Sunday 11 December 2011

Lion and Cheetah Park

















The name says it all. The last I had visited this place was well over 10 years. Things change in ten years. But not my passion for animals.

So it began with a ride through the park. Just an ordinary drive through the 'Lion Drive'. How amusing can it be, right? I was told there were around 7 lions in total on the particular drive; around 2 to 3 males and the rest lionnesses. The car windows were up, and there's a a male lying around less than a metre from the car as soon as we enter the gate. How welcoming. I have to say, lionnesses look utmost majestic when they sit high above on the boulders. Even though the males give you this look of 'I'm all this, and I'm all that', I suggest you do not mess with the females. We reached the end of the drive fairly quickly, even though the times where the lions looked at us for fractions of a second seemed like time itself had frozen.
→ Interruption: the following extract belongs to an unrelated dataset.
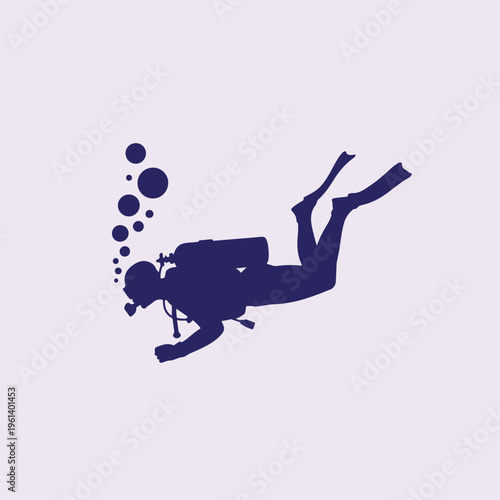 silhouette of a man scuba diver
In conclusion; for the most vicious predator in Africa, lions sure as hell are lazy.

And at the park what more friendlier way to be greeted than by a 300 year old tortoise. This trooper probably remembers me when I came last (perhaps even my great grandfather). We walked around the park, only to see more lions, and here I'm thinking 'hmm, I wonder how strong those fences really are'. Now my cousins had last visited the park when there were two small cute baby cheetah cubs. Unfortunately we met the same two a few years later, only to be snarling at us, striking offensive poses. Bad children! On NatGeo cheetahs seem like the coolest creatures; don't go blowing their own trumpets (like a certain 'maned' creature we met earlier) and they know they can catch up to Usain Bolt on steroids. But these ones seemed a bit moody. After mingling with baboons, hyenas, jackals, crocodiles, pigs, and horses, I was fairly glad with my day. Until my cousin told me our next stop was a place known as 'Snake World'.
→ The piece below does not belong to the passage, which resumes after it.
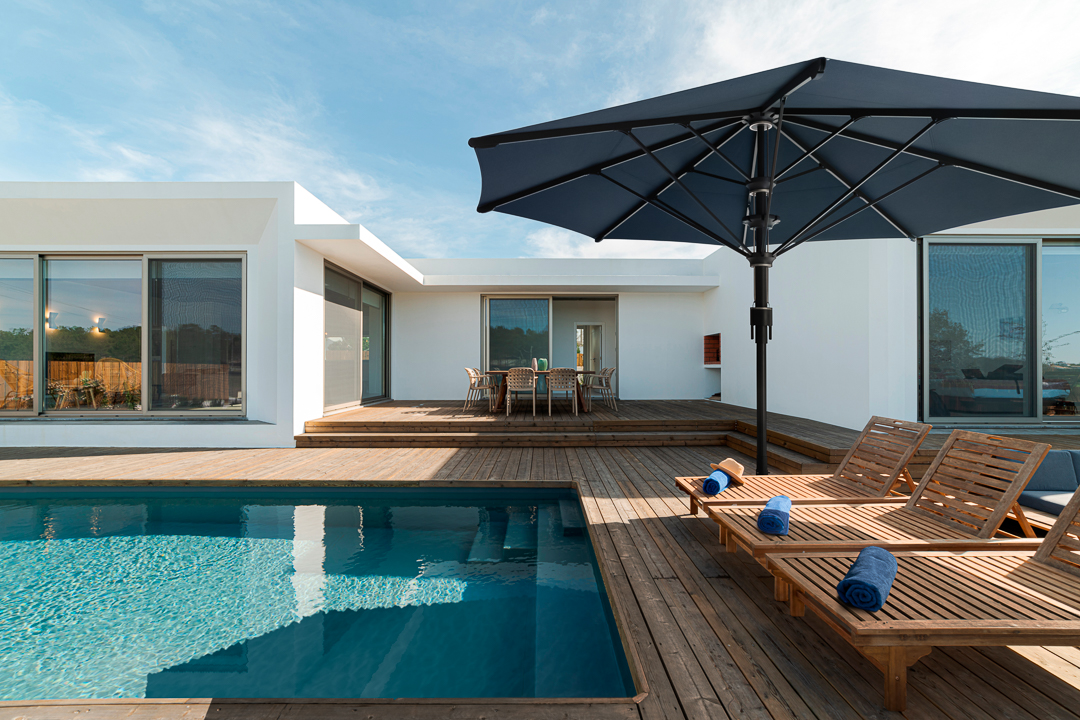 Wooden,Lounge,Chairs,In,Modern,Villa,Pool,And,Deck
Now I love snakes. I find them to be the most interesting creatures on Earth. But I fear them as much as I respect them. And all for good reason. Our guide Abraham guided us through a variety of different snake species. NEK MINNIT I happen to find myself holding a snake. NEK MINNIT the same snake is hung over my shoulders. Felt kinda tingly. NEK MINNIT we're face to face with a King Egyptian Cobra, waiting for the glass pane between us to disintegrate before it struck us with its venomous bite. Thank god for wishful thinking. And if that wasn't enough, how unsporting of the great Black Mamba to just rest while we stared at it for minutes, like little kids frozen at the sight of lollies they want....OK, bad analogy, but hey, what else can you do to an aggressive 4.3m snake that can strike faster than we can blink, injecting two drops of venom that can put to rest a fully grown adult in less than 30 minutes, reaching top speeds of 19 km/h? Luckily for us, this host was a wee bit tired.
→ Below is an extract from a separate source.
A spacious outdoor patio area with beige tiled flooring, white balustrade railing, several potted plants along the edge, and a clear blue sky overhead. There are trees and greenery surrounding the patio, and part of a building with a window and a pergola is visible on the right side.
So it was fantastic seeing my first experience of these animals after ten long years of a wait. But my quest for animal rights carries on, trying to give a voice to these creatures that don't have one. I thought hard about why the world is coming to the way it is for some of the most beautiful creatures. And I came up with this.

'Most of the animals don't attack unprovoked. Most of the animals are not evil, but only misunderstood. Most of the animals live in a circle of life, only doing what they do because they NEED to do so. The rest, are the ones we see in the mirror'.